The majority of the bonds being redeemed were issued to refinance debt taken on during the First World War. However, some of the debt goes back even further - with part of the borrowing pre-dating the signing of the US Declaration of Independence.
Also included in the government buyback are: loans originally taken out to cover losses from the collapse of the South Sea Company in 1720, debt taken on to fund Britain's fight against Napoléon Bonaparte, and some that helped finance the Slavery Abolition Act of 1835.
These loans are unusual because they were issued as perpetual bonds. This means that they payed out interest but have no maturity date, in effect making them more like owning a stock that pays a dividend than a traditional bond. The government has the right but no obligation to pay off the debt.
So why have they done it now? The Debt Management Office estimates that the UK has paid £1.26 billion ($2 billion) in total interest on these bonds since 1927 and, with a yield of 4%, these bonds were paying a much higher interest rate than the government would have to pay if it raised the same amount of money now. For example, the yield on the 30-year UK government bonds is currently 2.96%.

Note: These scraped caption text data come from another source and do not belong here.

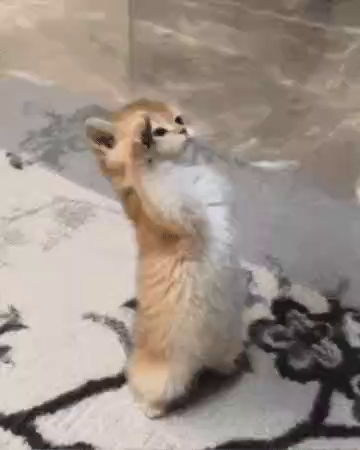 Video of a kitten standing on the floor with one paw up like the kitty is saluting.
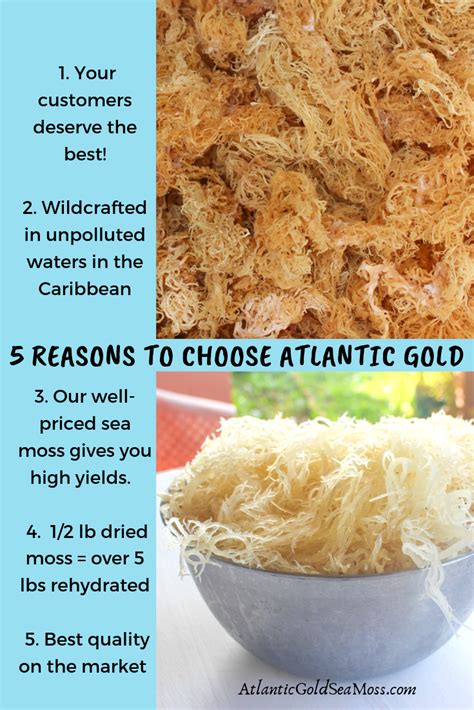 Atlantic Gold Sea Moss Premium, Organic St. Lucia Irish Sea Moss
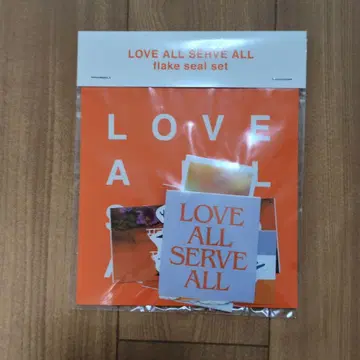 후지이 카제 LASA 프레이크 씰 세트 스티커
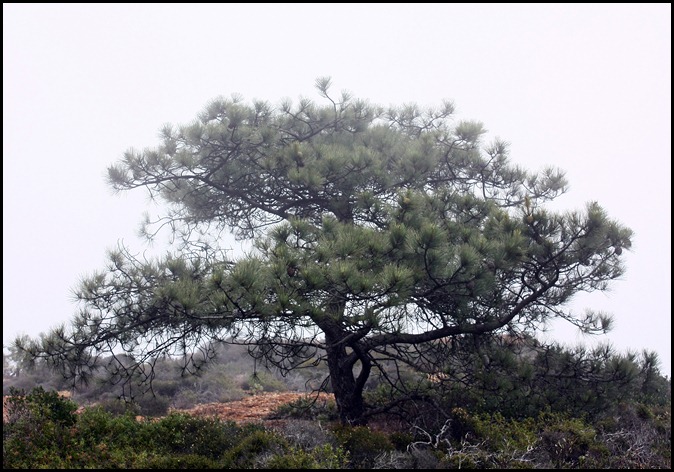 Torrey Pines 2012 (12)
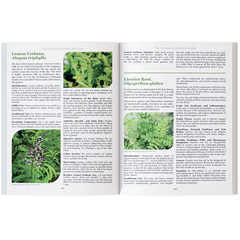 The Lost Book of Herbal Remedies Paperback Book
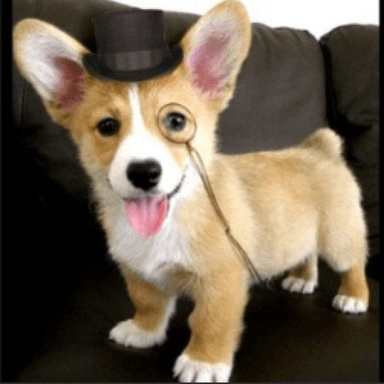 My obby icon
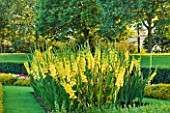 THE NATIONAL TRUST: CLIVEDEN  BUCKINGHAMSHIRE: THE PARTERRE IN EVENING LIGHT WITH YELLOW GLADIOLI AND VIEW TO THE WOODLAND BEYOND - AUGUST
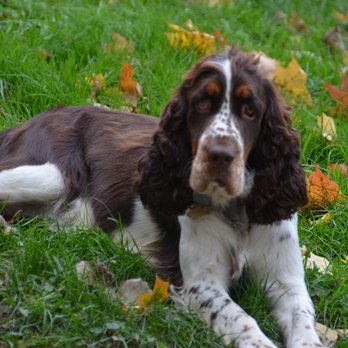 Bird dog hill - Annie - Pet Breeders Near Me Bird dog hill - Annie - Pet Breeders Near Me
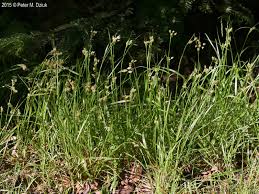 Attēlu rezultāti vaicājumam “Luzula multiflora”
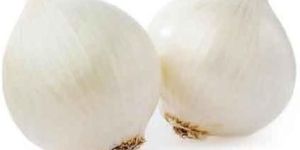Fresh White Onion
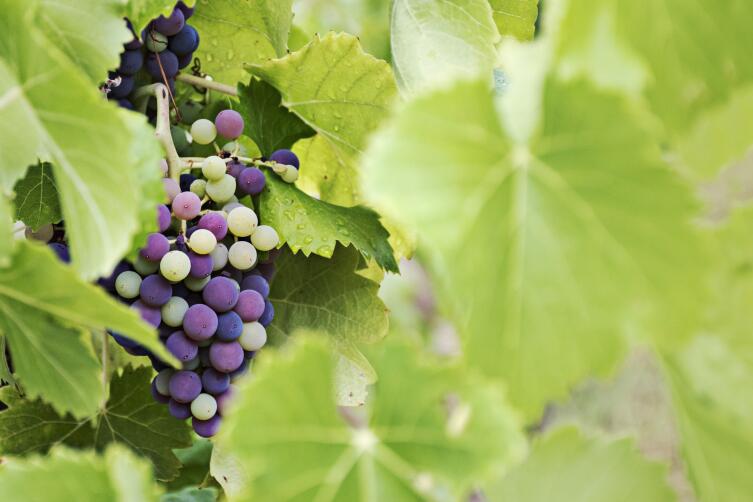 Как подготовить саженцы винограда к зиме? Личный опыт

As Toby Nangle, head of multi-asset investment at Threadneedle, wrote in the FT earlier this month:
And so the £1.93bn 3.5 per cent 90-day callable perpetual bond issue could be redeemed and replaced with a £1.63bn 3.5 per cent 30-year callable perpetual bond delivering a no-brainer £300m debt reduction to the taxpayer and an associated £9m per annum saving in interest costs (in perpetuity).
Alternatively the same savings could be delivered by refinancing the War Loan into the large and liquid 30-50 year part of the conventional Gilt market. Value of the call to the UK taxpayer using Market rates as of 2nd October: £300m.